MATERIAL FOR THIS EXERCISE —
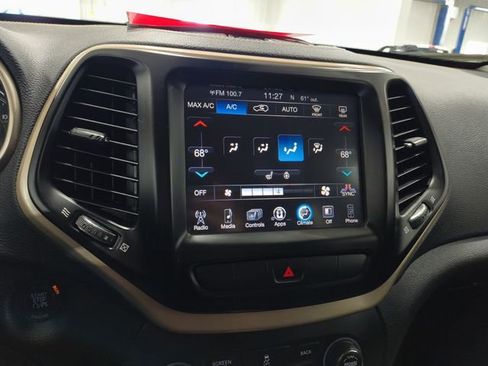 Used 2014 Jeep Cherokee Latitude w/ Comfort/Convenience Group AWD/4WD image 13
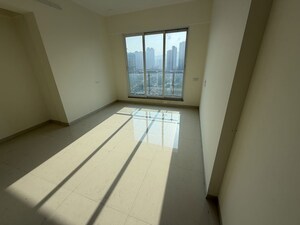Room in 3 BHK Apartment at Thane West – for Rent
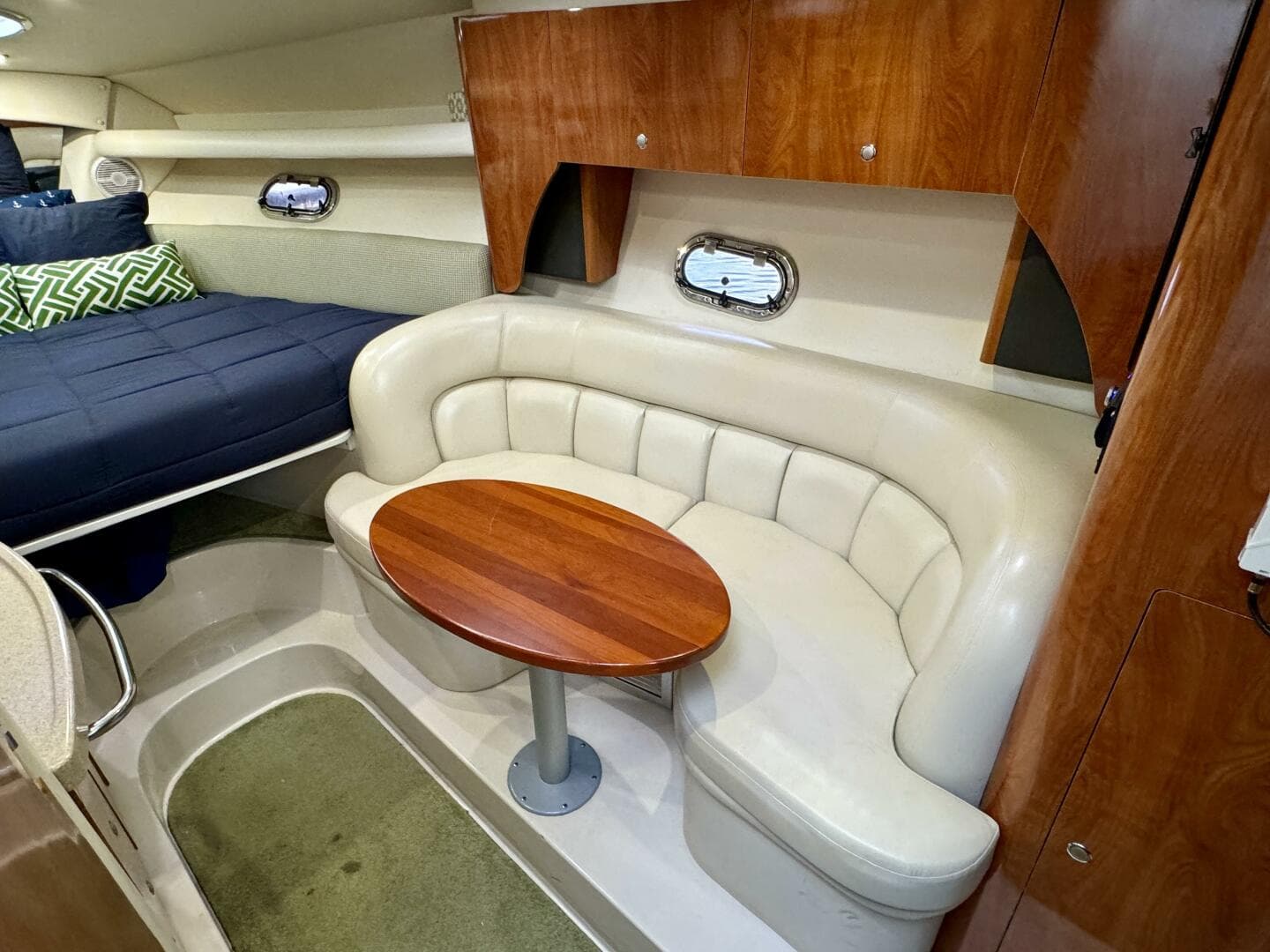 2004 Four Winns Vista 288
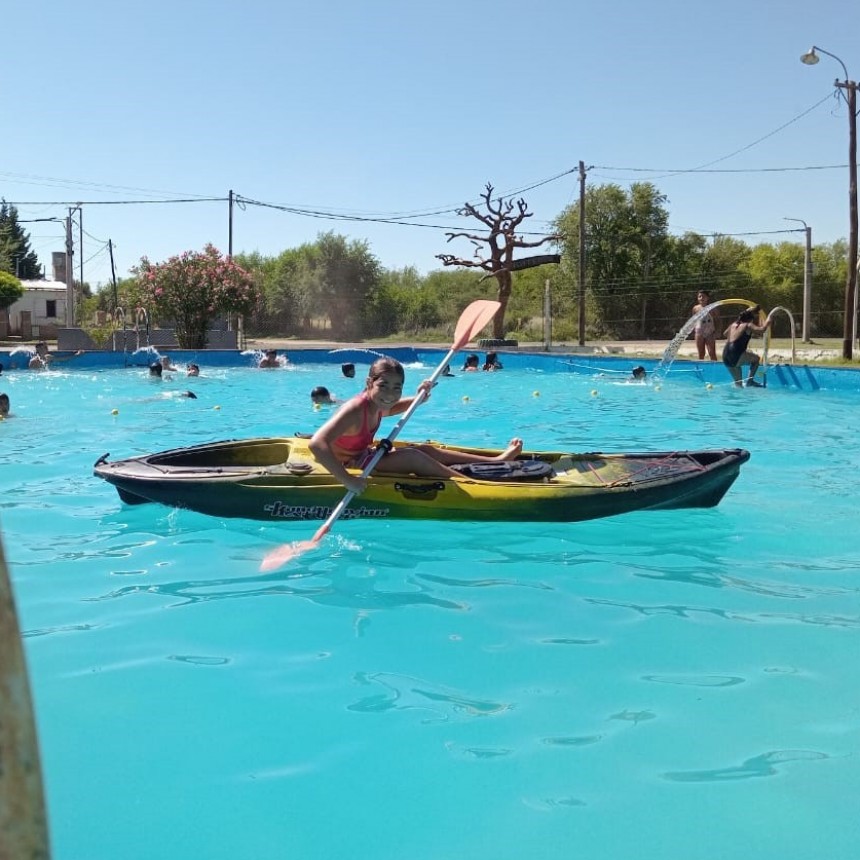 La Pampa: Finalizo el provida en Luan Toro y los ni&ntilde;os disfrutaron de una actividad en kayak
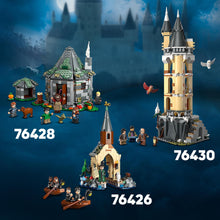 Carica l&#39;immagine nel visualizzatore di Gallery, LEGO Harry Potter La Rimessa per le Barche del Castello di Hogwarts, Gioco per Bambini e Bambine da 8 Anni in su con 2 Barche Giocattolo, Rimessa da Costruire e 5 Minifigure, Idea Regalo 76426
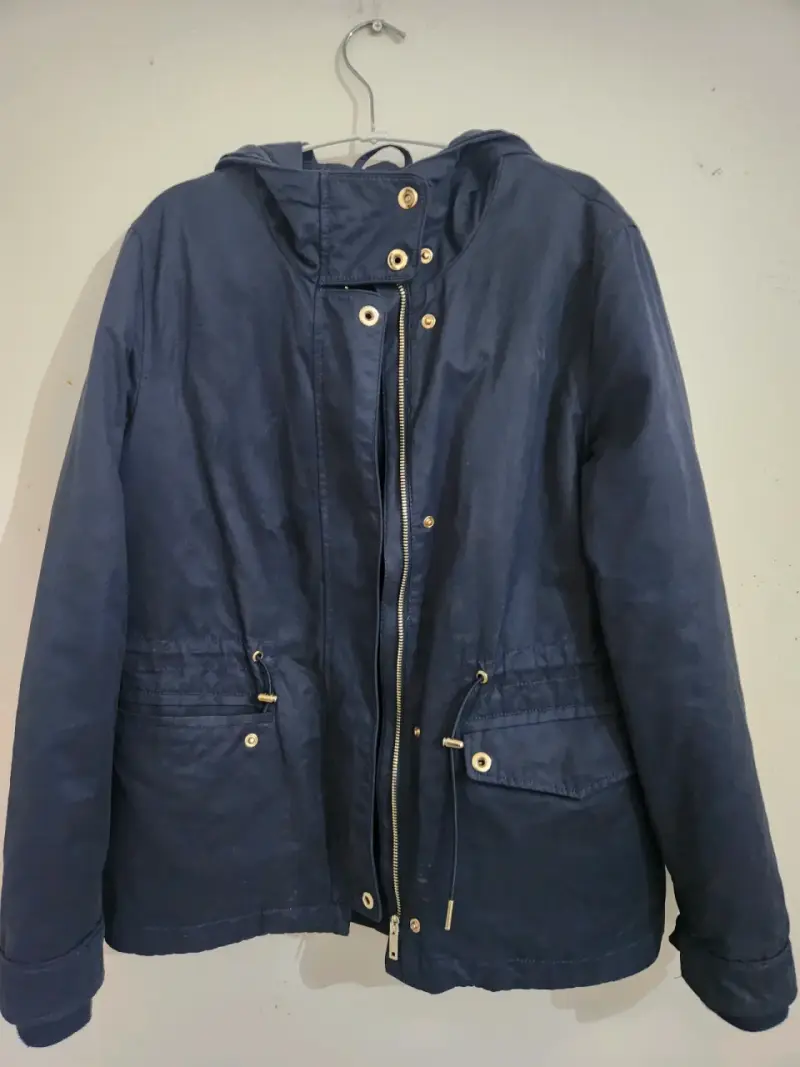 Chaqueta azul con capucha Zara Trafaluc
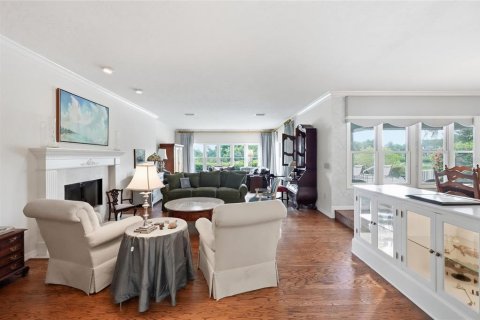 House in Bradenton, Florida 6 bedrooms, 399.94 sq.m. № 2302748 - photo 11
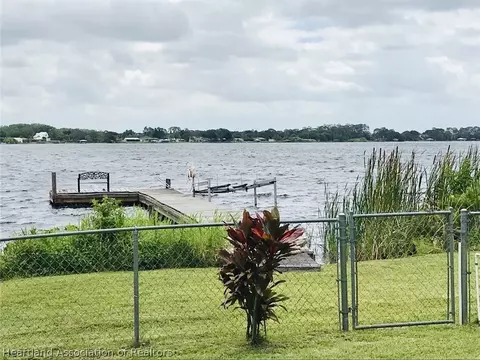 746 Memorial Dr, Sebring, FL 33870 photo 13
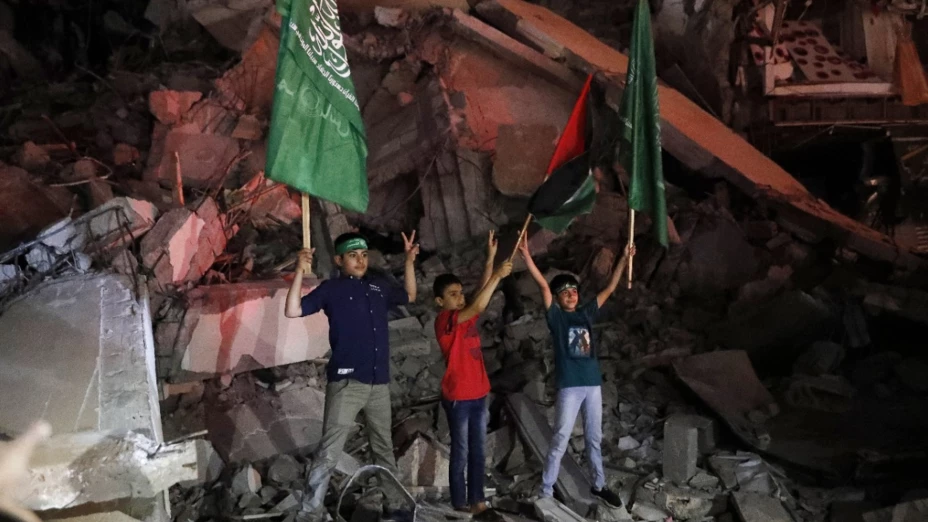 Niños palestinos ondean bandera verde de Hamas y de palestina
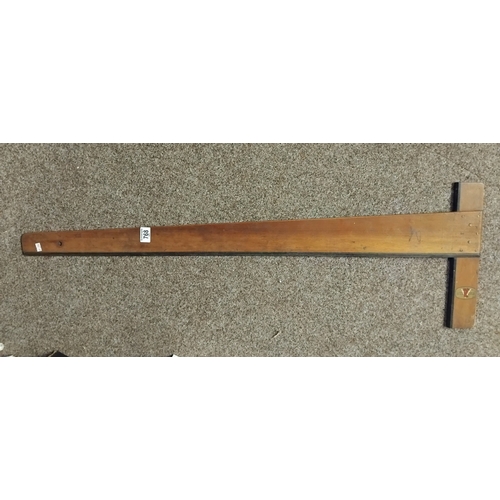 768 - Wooden barrier marked J Halden & Co Ltd, Part of vintage sewing machine on wooden base, vintage elec... 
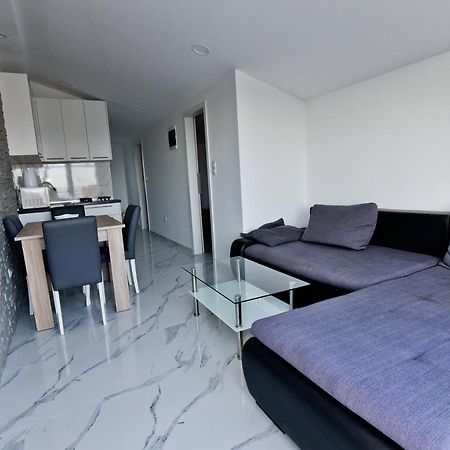 Apartment Sun Vir Habitación foto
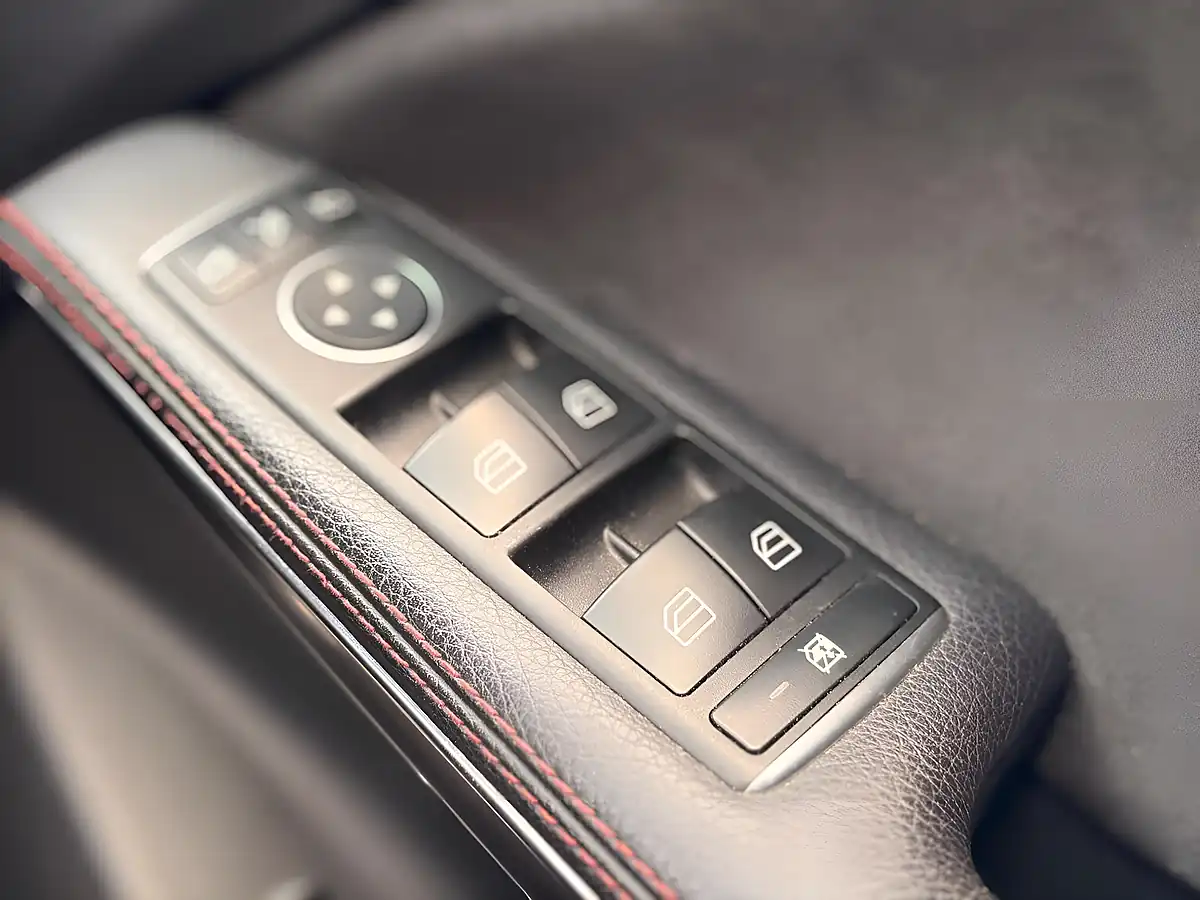 Used 2019 Mercedes-Benz Gla AMG Line Edition Plus Grey - Interior and Exterior details 17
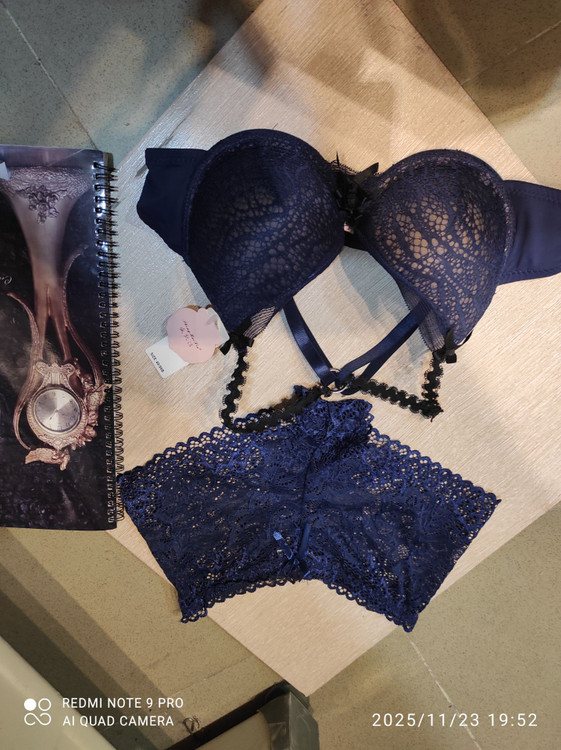 تنوع ست شورت و سوتین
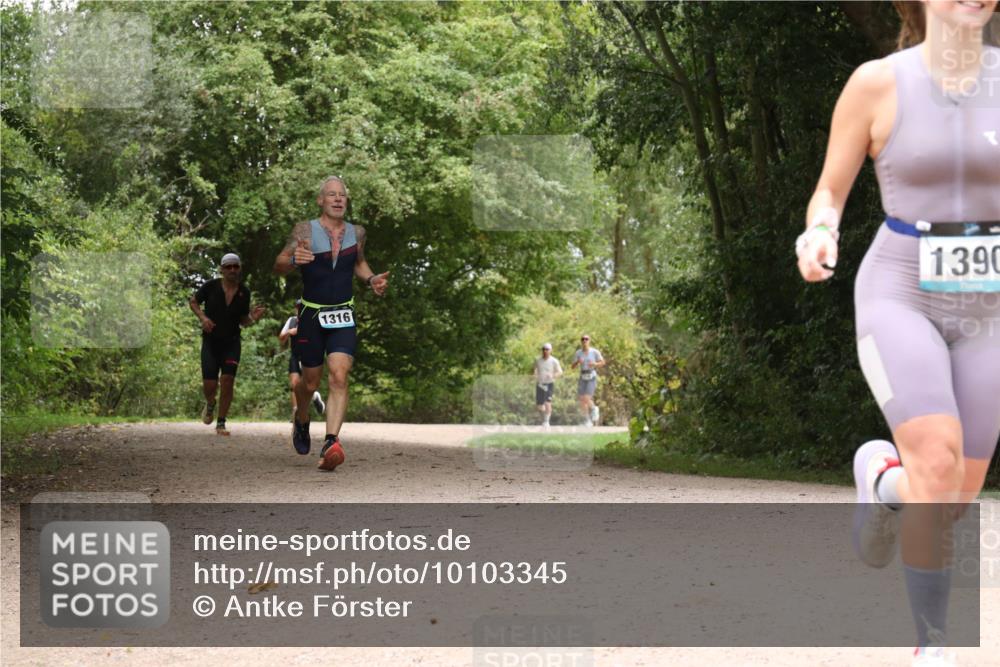 30.08.2026 - Elbe Triathlon Hamburg Antke Förster http://msf.ph/oto/10103345 30.08.2026 11:40:39 Laufen 1316, 1390 meine-sportfotos.de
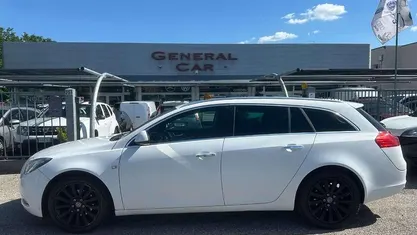 Usata Opel Insignia Cosmo 131 CV (96 kW) 2010 Bianco Station wagon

EXERCISE REQUIREMENTS —
Please return exactly the lines above, from where the listing starts to the line holding "La Pampa: Finalizo", inclusive, with the pictures omitted.

TASK SOLUTION —
 Used 2014 Jeep Cherokee Latitude w/ Comfort/Convenience Group AWD/4WD image 13
Room in 3 BHK Apartment at Thane West – for Rent
 2004 Four Winns Vista 288
 La Pampa: Finalizo el provida en Luan Toro y los ni&ntilde;os disfrutaron de una actividad en kayak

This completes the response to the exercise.